From the above data sources, we collected and used three major datasets: 2020 Presidential Election Results dataset from Cook Political, as well as the Contribution Receipts dataset and the Campaign Disbursements dataset from FEC. Each member in our team was responsible for downloading one dataset from corresponding data sources. More details of the datasets are as following:

2.1 U.S. State Level Popular Vote Results of 2020 Presidential Election

Dataset : Popular vote backend_1216.csv

The dataset downloaded from Cook Political contains the 2020 Presidential Election State-Level Popular Vote Share and Result Margin.

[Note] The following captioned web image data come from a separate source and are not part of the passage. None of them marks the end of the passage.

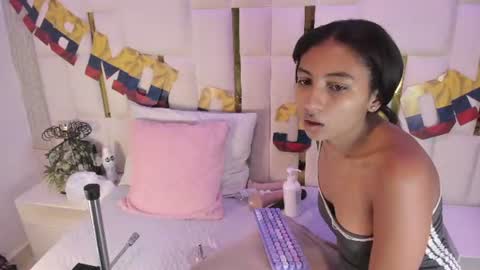 mia_vy online show from July 14, 4:06 am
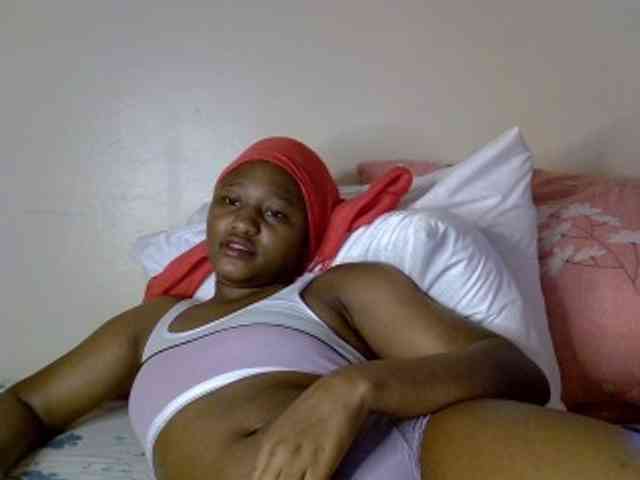 Pettiteebony20 webcam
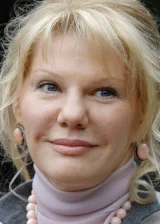 Александра Захарова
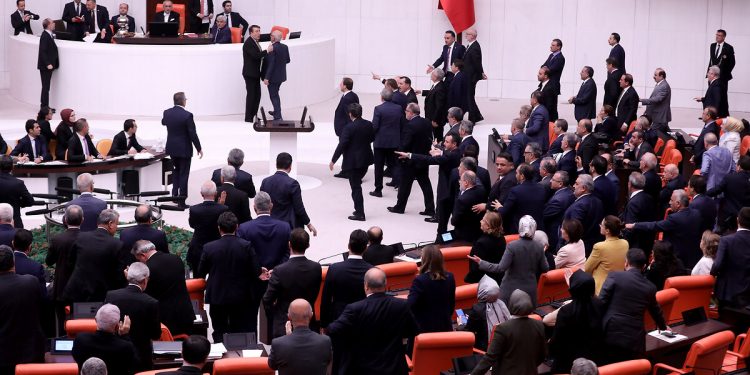 Sansür yasası 29. maddede takıldı: Protestolar oturum kapattırdı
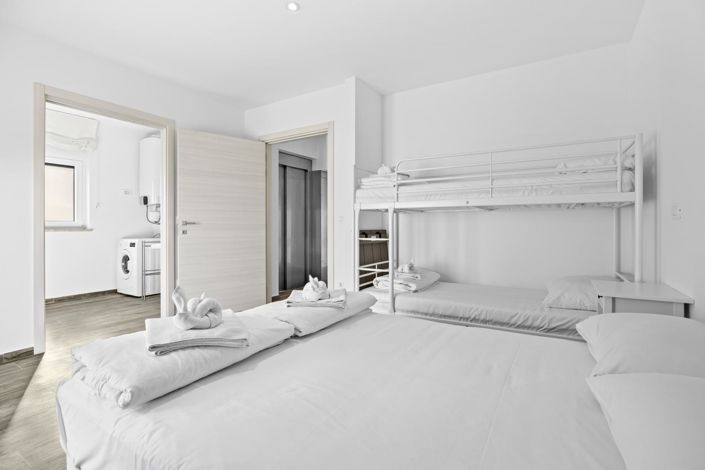 Image No.22-3 Bed Property for sale
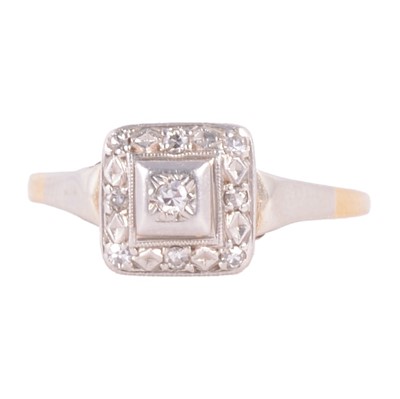 Lot 101 - A diamond cluster ring.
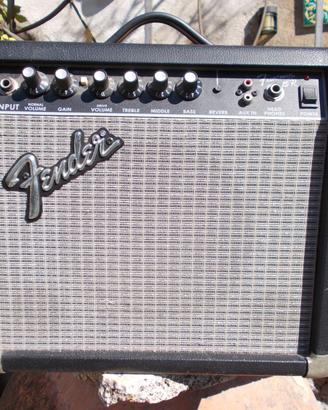 Amplificatore Fender Frontman 15R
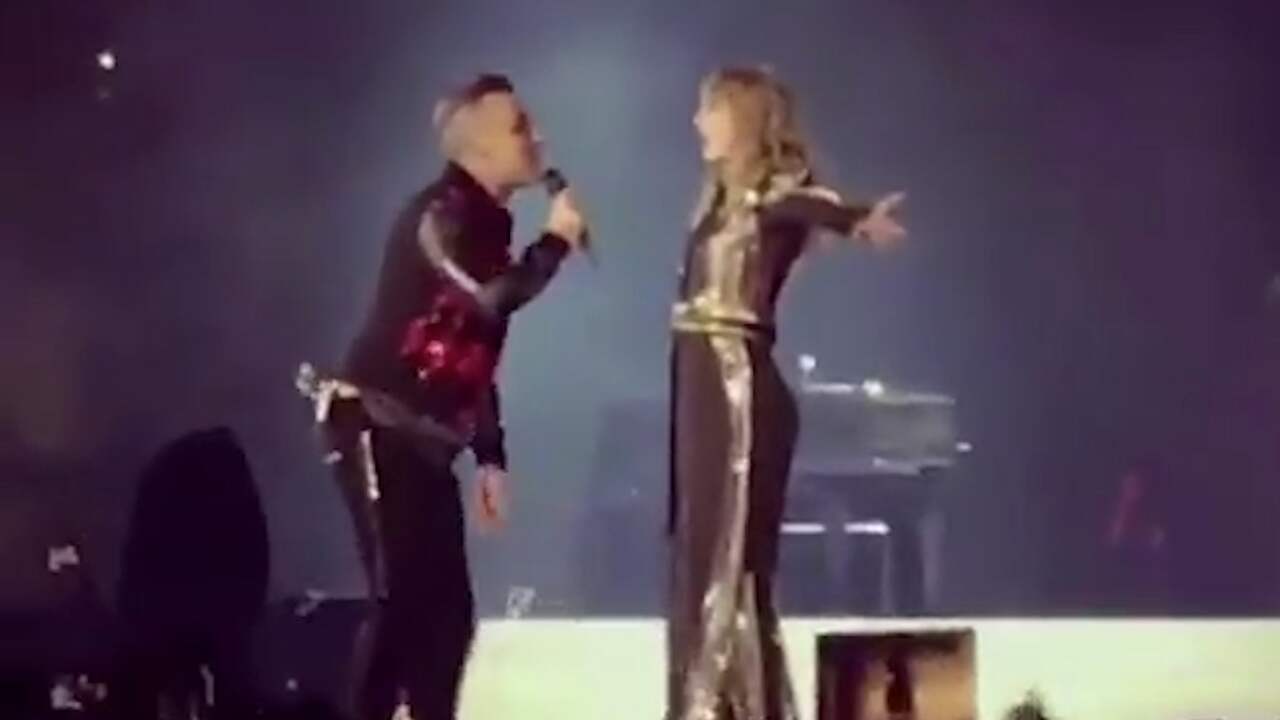 Beeld uit video: Robbie Williams verschijnt op podium met Taylor Swift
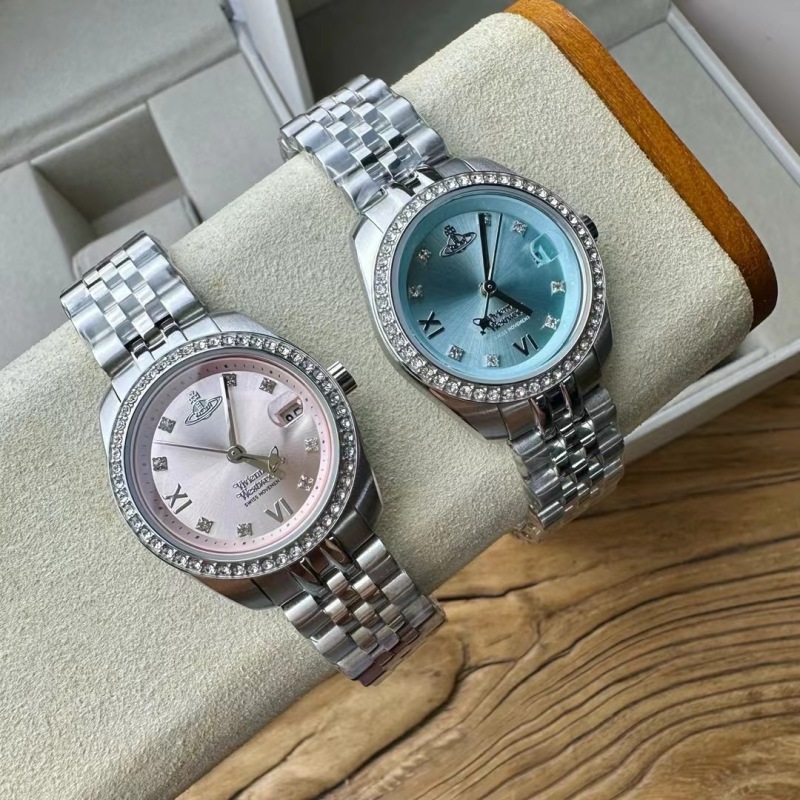 Часы Vivienne Westwood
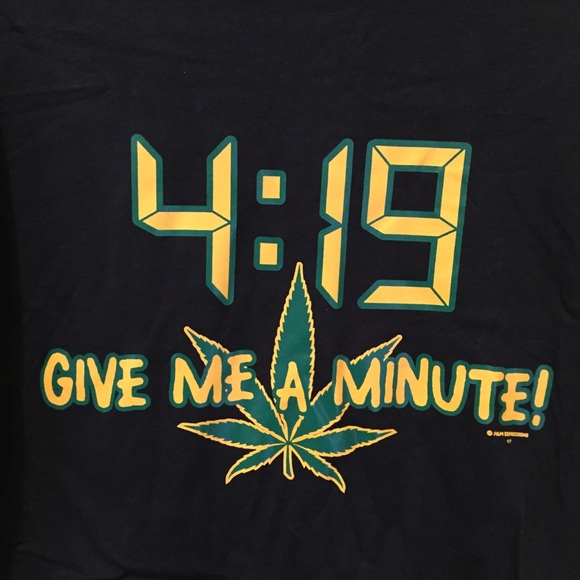F&M Expressions 4:19 give me a minute T-shirt - Picture 2 of 6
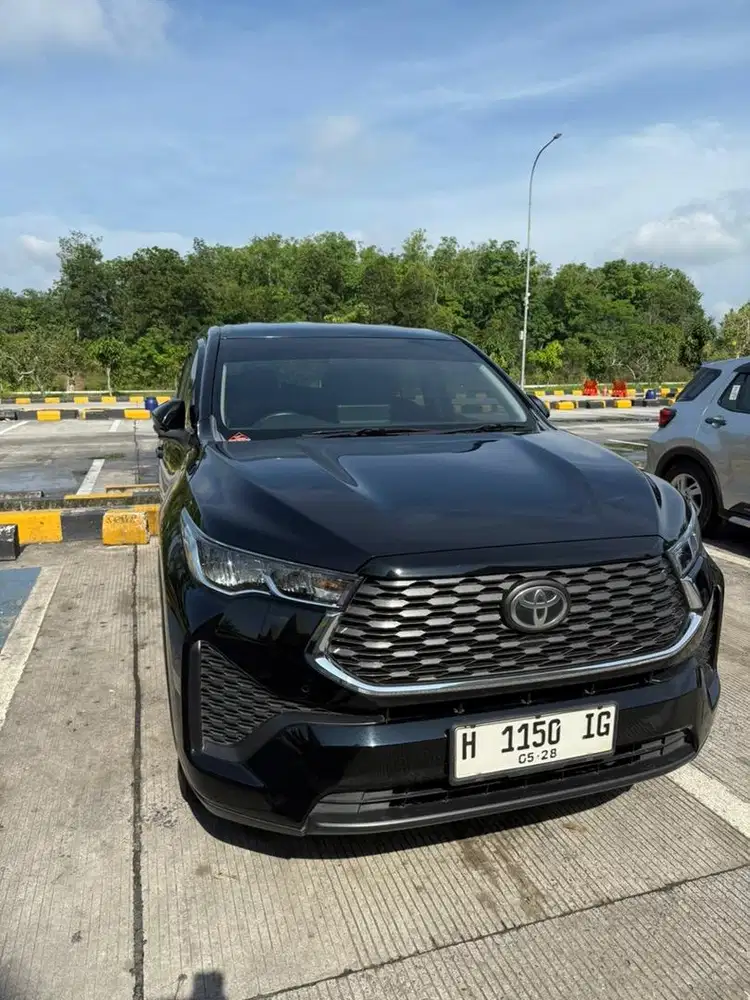Kijang Innova Zenix Type V Bensin Th 2023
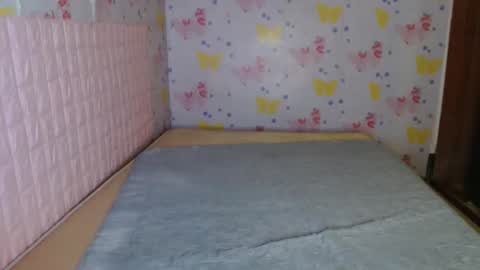 Snapshot of sexyreesebunny chatting on November 6, 8:26 am Reese online show from November 6, 8:26 am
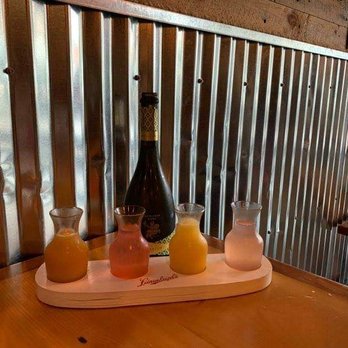 Duluth Tap Exchange - Mimosa flight. 4 juices with Prisecco - Wine Bars Near Me - Duluth, Minnesota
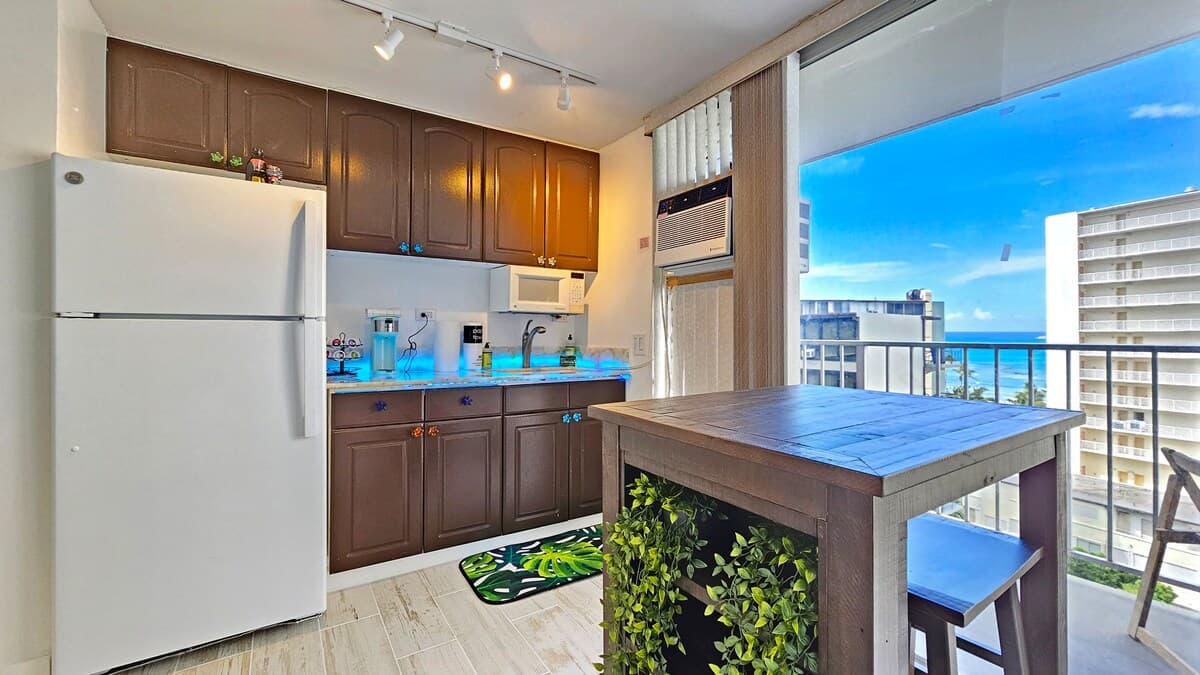 Condo in Honolulu · ★4.75 · Studio · 1 bed · 1 private bath - Photo 2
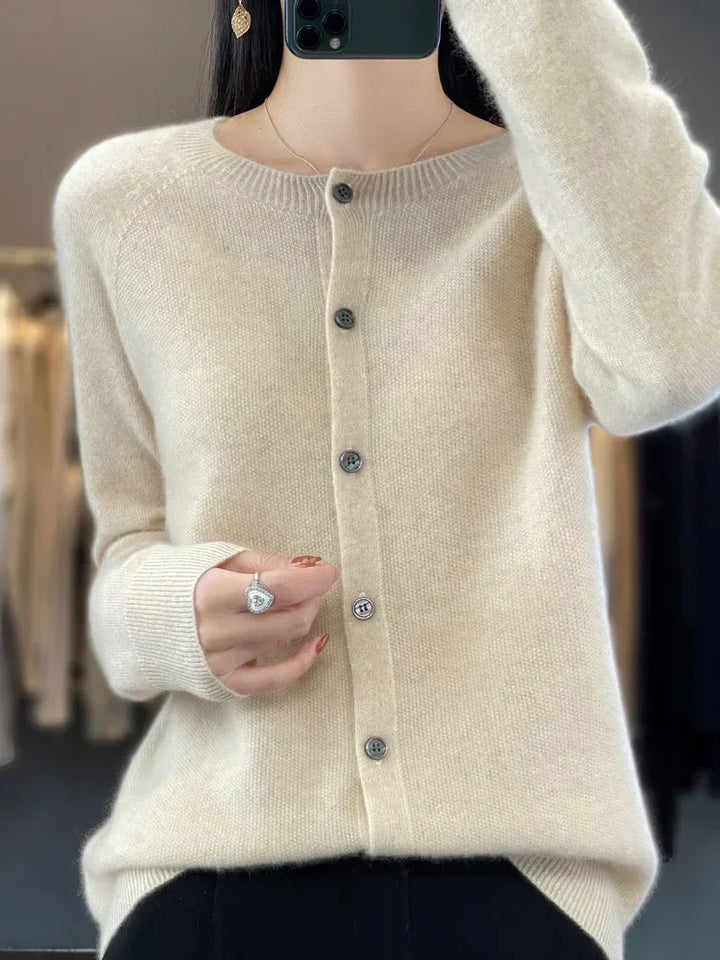 Cardigan élégant, toute saison.  Coupe flatteuse, matière douce.  Parfait pour un look chic et décontracté.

Table 2.1: Major columns used
Column Name	Description
stateid	State Postal Codes (chr)
state	State Name (chr)
dem_votes	Votes for Biden (num)
rep_votes	Votes for Trump (num)
dem_percent	Vote Percentage for Biden (num)
rep_percent	Vote Percentage for Trump (num)

Issues with this dataset:

Only the 2020 election popular voting count per candidate per state in this table are considered as the raw data. The rest of the columns in this file such as the vote margin and margin shift are calculated by Cook Political Report based on the past voting result dataset that is not published on their website. So we are not able to verify these numbers exactly using the dataset they provided. But, if necessary, we can collect the historical election popular vote outcome from other data sources (such as Harvard Dataverse) by ourselves and verify those numbers. However, since this Cook Political is a reliable data source, we would consider those values to be trustworthy and leave such verification process for future investigations.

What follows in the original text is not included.